**What to do:** Exclude the pictures and reproduce the remaining data exactly as written.

===== Given data =====

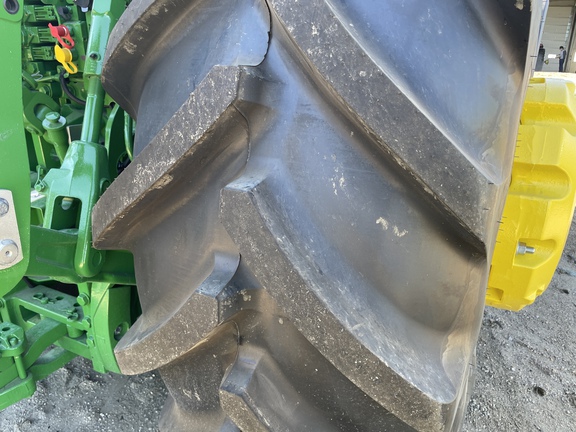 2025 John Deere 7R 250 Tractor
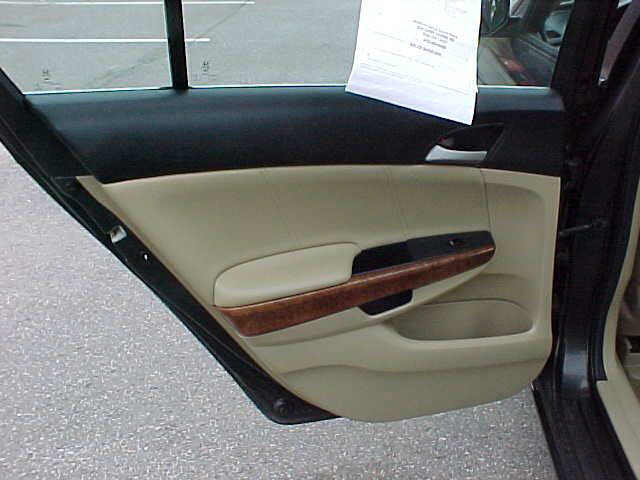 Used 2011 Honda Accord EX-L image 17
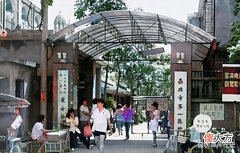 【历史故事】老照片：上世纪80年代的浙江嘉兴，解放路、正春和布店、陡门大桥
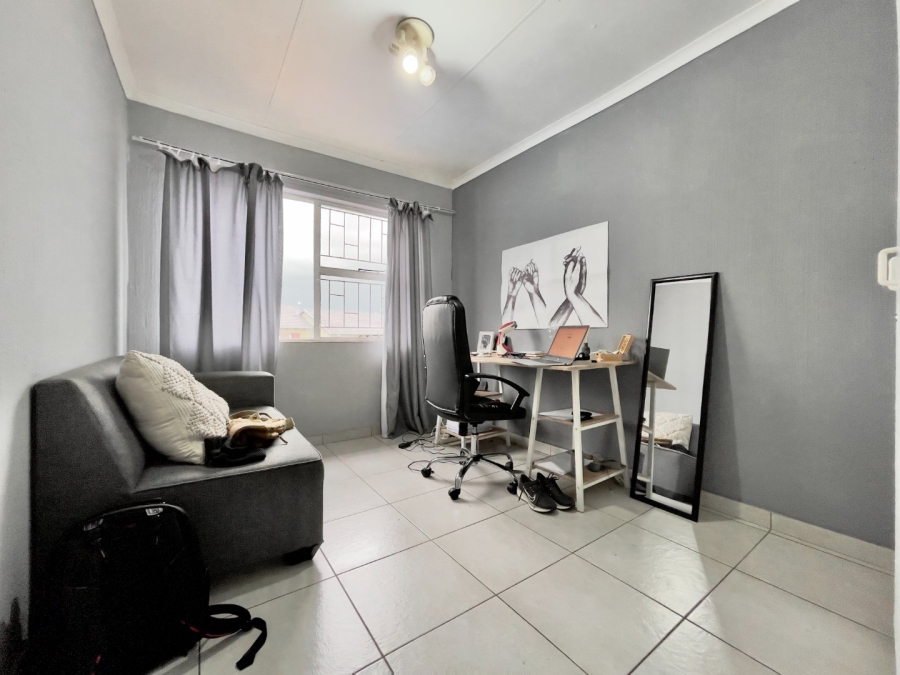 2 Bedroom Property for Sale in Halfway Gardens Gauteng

=====

**Solved exercise:**
 2025 John Deere 7R 250 Tractor
 Used 2011 Honda Accord EX-L image 17
 【历史故事】老照片：上世纪80年代的浙江嘉兴，解放路、正春和布店、陡门大桥
 2 Bedroom Property for Sale in Halfway Gardens Gauteng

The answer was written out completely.